Ekonomik gelişme – çevre dengesi için 2 acil adım

E-Ticaret Nis 11, 2023 Yorum Yok

SERVET YILDIRIM – Küresel iktisat ne yazık ki hâlâ petrole bağımlı. Otomobiller, fabrikalar, ısıtma kazanları yüklü olarak petrol ve doğal gaz ile çalışıyor. Tabir yerindeyse dünya petrol ile işliyor. Petrol ulaşımdan endüstriye, elektrik üretimine kadar Çağdaş iktisadın omurgası. Fakat nihayet yıllarda petrol fiyatlarındaki dalgalanmalar gösteriyor ki, global güç piyasası istikrarlı ve istikrarlı değil. Epeyce kararsız bir piyasa var. Bir yanda, petrol ihraç eden ülkeler, arzı kısıtlayarak fiyatları yükseltiyor ve Nakit kazanıyorlar. Öte yanda ise petrol ithal eden yoksul ülkeler, fiyatların yükselmesiyle ekonomik eşitsizliğin artmasına neden olan türlü düşünceler yaşıyorlar.

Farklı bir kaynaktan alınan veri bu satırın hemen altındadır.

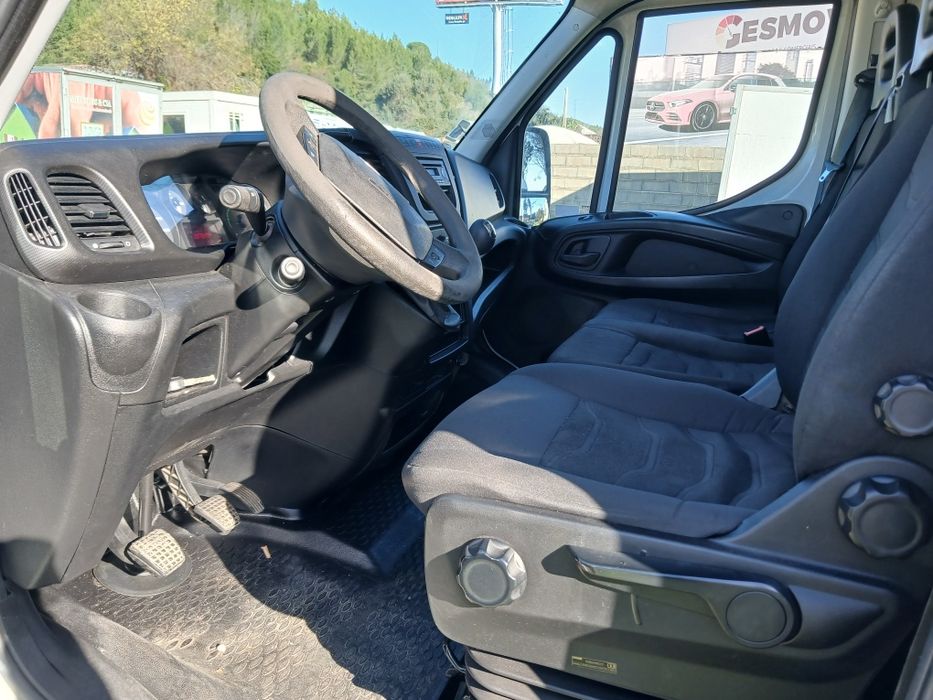 Iveco Daily 35c15 de 12-2014com 287000km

Ve Alışılmış ki fosil yakıtların kullanımı, iklim değişikliğini tetikliyor; gezegenimizin geleceğini tehdit eden global bir krize yol açıyor.

Bu paradoks, ekonomik gelişmeyi çevresel sürdürülebilirlikle nasıl dengeleyebileceğimize dair Değerli soruları gündeme getiriyor.

Yıkıcı tesirleri artıyor

Bu çelişkinin en nihayet örneği, OPEC+ ülkelerinin (Petrol İhraç Eden Ülkeler Örgütü artı Rusya ve diğer petrol üreten ülkeler) günlük üretimi 1.16 milyon varil azaltma kararı almaları oldu. Bu atılım, petrol fiyatlarını artırdı ve Brent olmamış petrolün fiyatını bir anda 80 doların üzerine attı. Petrol üreten ülkeler için bu düzgün bir haber; yüksek fiyatlarla daha Çok Nakit kazanıyorlar.

Petrol ithal eden ülkeler için ise bu Kötü bir haber. Birebir ölçüde petrol için daha Çok ödeme yapmak zorunda kalacaklar.

Bu paradoks yeni bir durum değil. Petrol fiyatları dalgalandıkça ve ülkeler Sıkıntı ve tesir için uğraş ettikçe, bu çelişki global güç piyasasının tipik bir özelliği haline geldi.

Ancak bu çelişki Özellikle bugün global ısınmanın yaklaşan tehdidi nedeniyle Ehemmiyet kazanıyor. Petrol üzere fosil yakıtların sera gazı emisyonlarının en Aka kaynağı olduğu artık bilimsel olarak kanıtlandı.

Fosil yakıt denilen şey binlerce hatta milyonlarca Yıl kaya ve toprak altında oksijensiz ortamda gömülü kalmış, ısı ve basınca maruz kalarak fosilleşmiş bitki ve hayvanlardan oluşan güç kaynaklarıdır. Yani kömürdür, petroldür ve doğal gazdır. Bunların özelliği yüksek ölçüde hidrokarbon ve karbon içermeleridir. Fosil yakıt kullanımı global ısınmayı tetiklediği üzere onunla Bir arada gelen yıkıcı tesirleri de artırmaktadır.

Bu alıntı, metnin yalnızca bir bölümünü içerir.